▶ **Directions for this task**: The reply must contain exactly the lines below from the one with "China Christamas Home" down to the one with "582 Abbottsfield Road, Edmonton, AB", both included, and nothing more; please omit the pictures.

▶ **The records**:
________

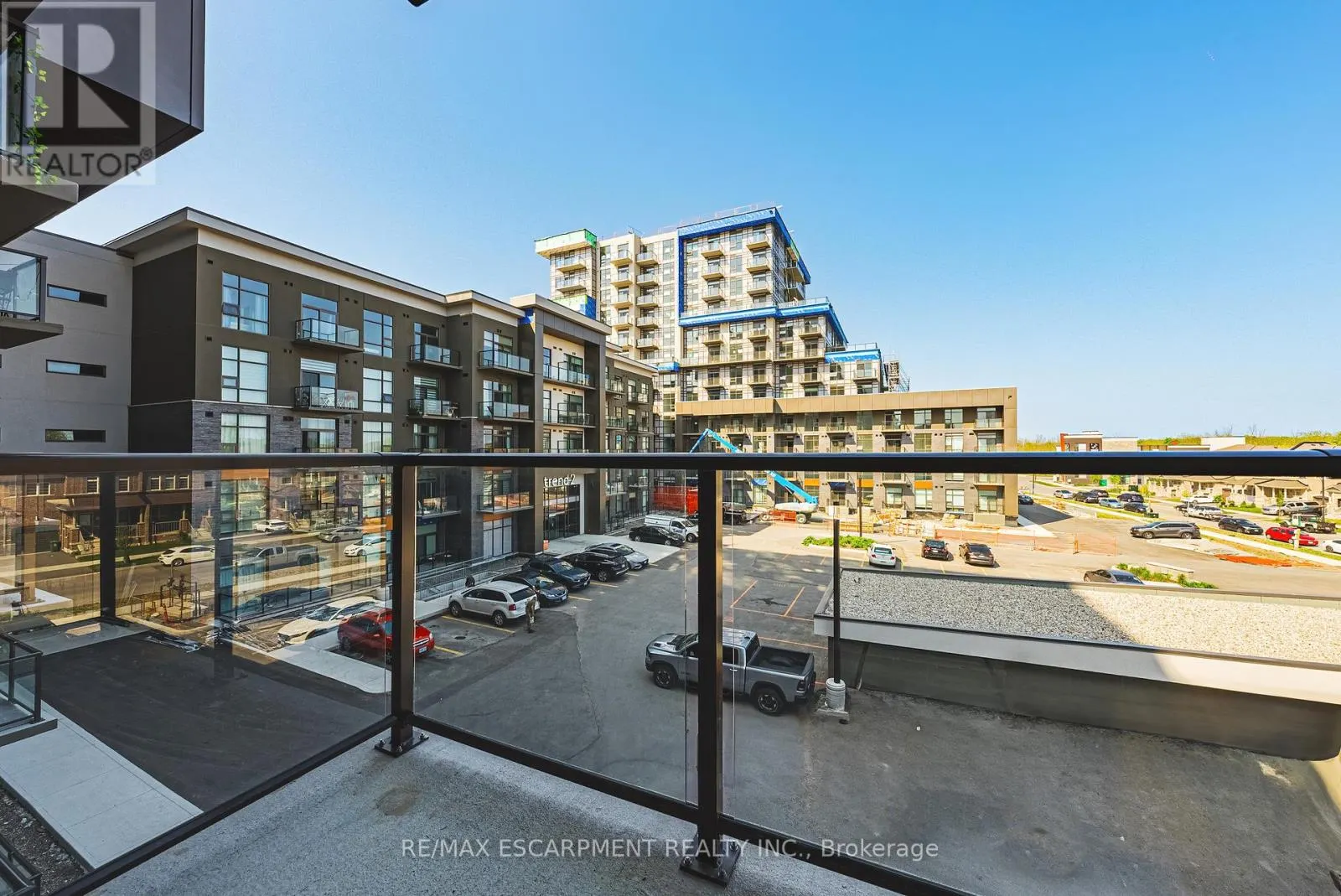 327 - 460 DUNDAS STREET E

________

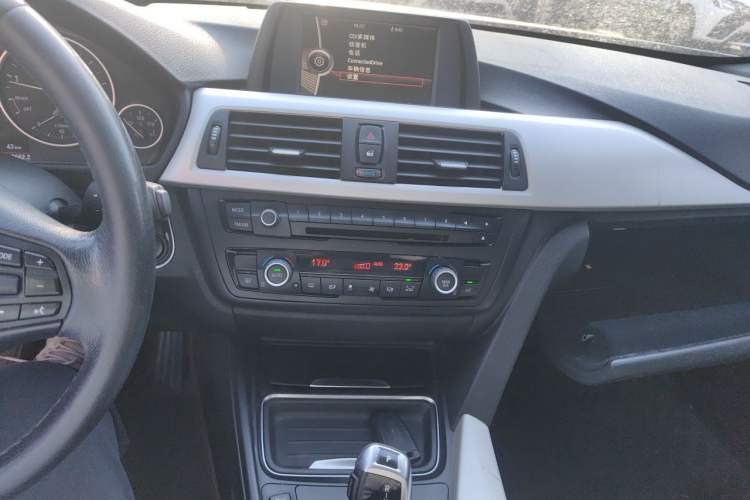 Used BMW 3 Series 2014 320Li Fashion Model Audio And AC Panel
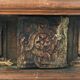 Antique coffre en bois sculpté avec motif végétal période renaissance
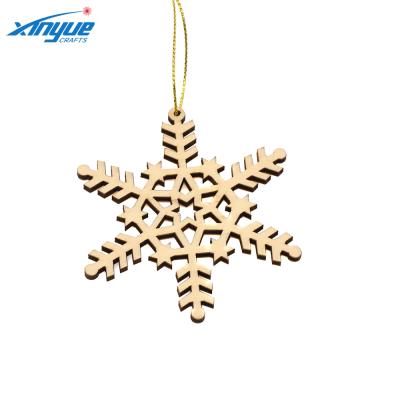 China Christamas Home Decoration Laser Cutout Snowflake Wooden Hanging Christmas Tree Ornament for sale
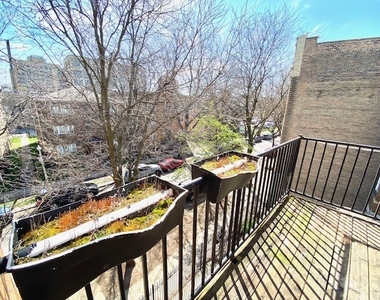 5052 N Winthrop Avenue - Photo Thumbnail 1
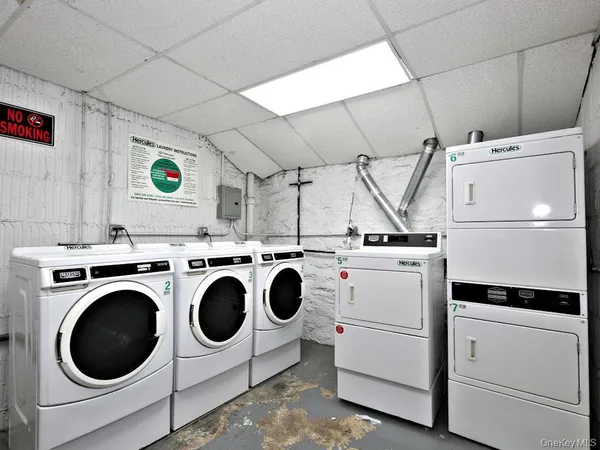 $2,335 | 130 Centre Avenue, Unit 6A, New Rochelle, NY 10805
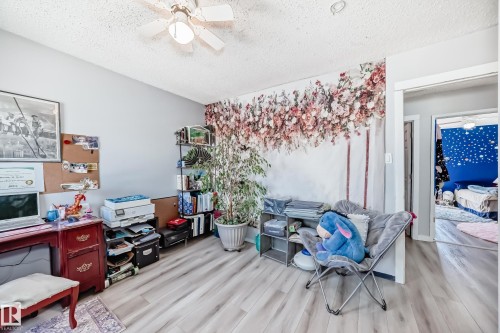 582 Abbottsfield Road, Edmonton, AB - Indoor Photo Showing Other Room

________

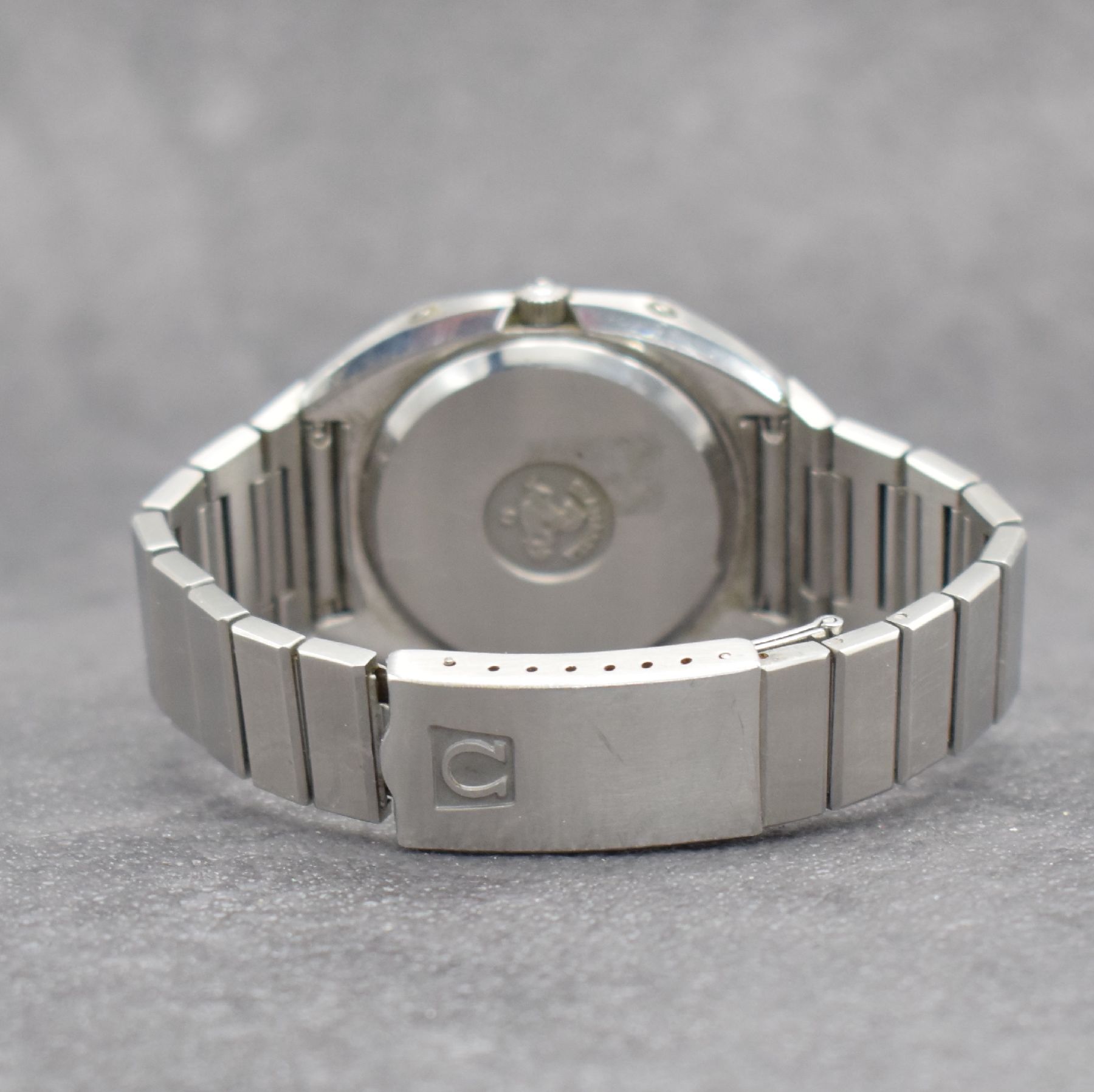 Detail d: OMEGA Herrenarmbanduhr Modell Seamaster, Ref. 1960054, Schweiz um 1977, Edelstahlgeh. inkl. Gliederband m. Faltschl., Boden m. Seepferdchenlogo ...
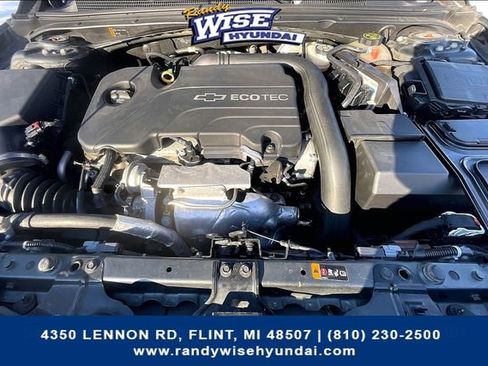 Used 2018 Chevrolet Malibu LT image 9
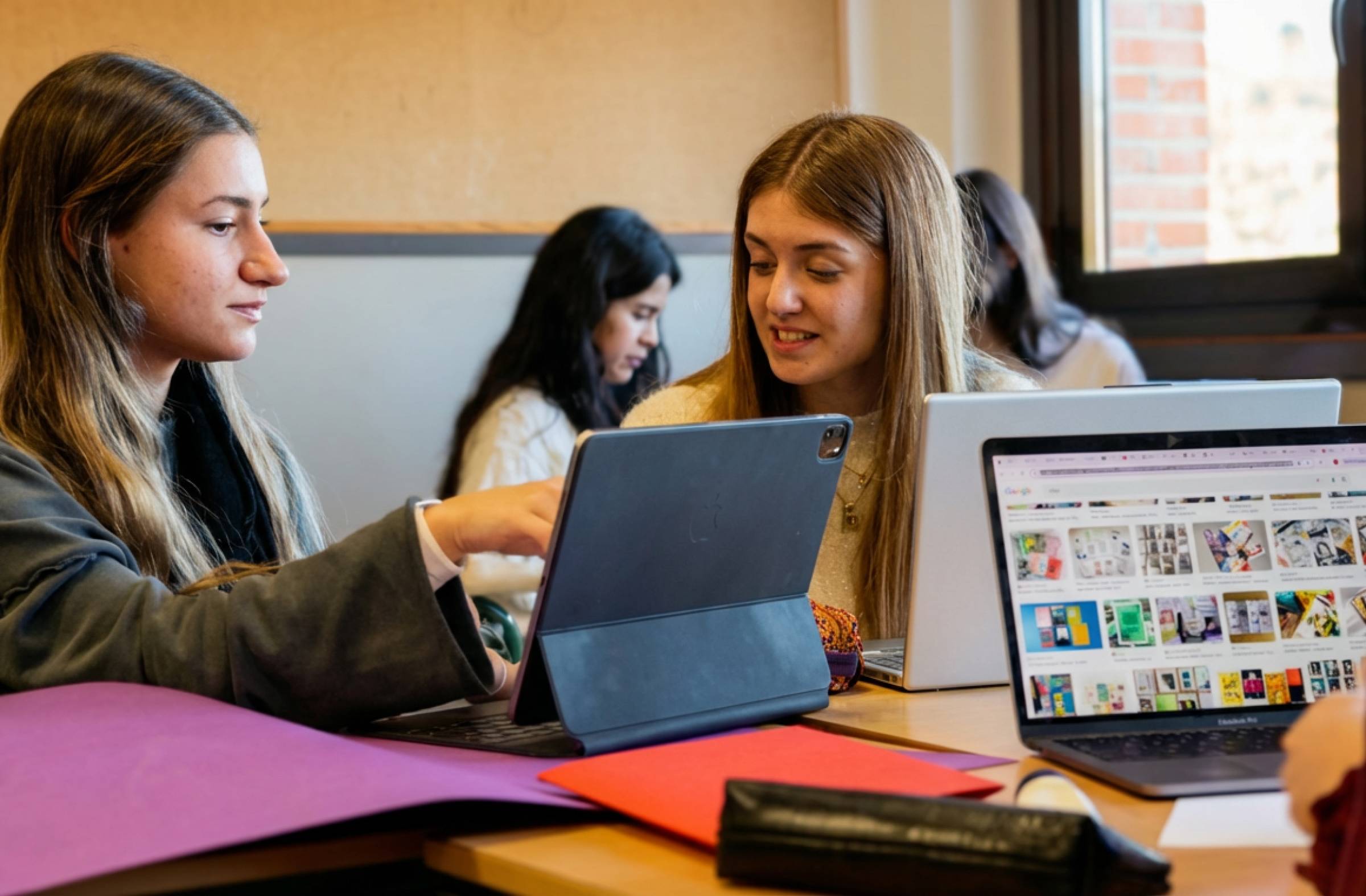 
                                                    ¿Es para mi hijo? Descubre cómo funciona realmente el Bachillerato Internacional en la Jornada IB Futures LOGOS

________

▶ **Finished exercise**:
 China Christamas Home Decoration Laser Cutout Snowflake Wooden Hanging Christmas Tree Ornament for sale
 5052 N Winthrop Avenue - Photo Thumbnail 1
 $2,335 | 130 Centre Avenue, Unit 6A, New Rochelle, NY 10805
 582 Abbottsfield Road, Edmonton, AB - Indoor Photo Showing Other Room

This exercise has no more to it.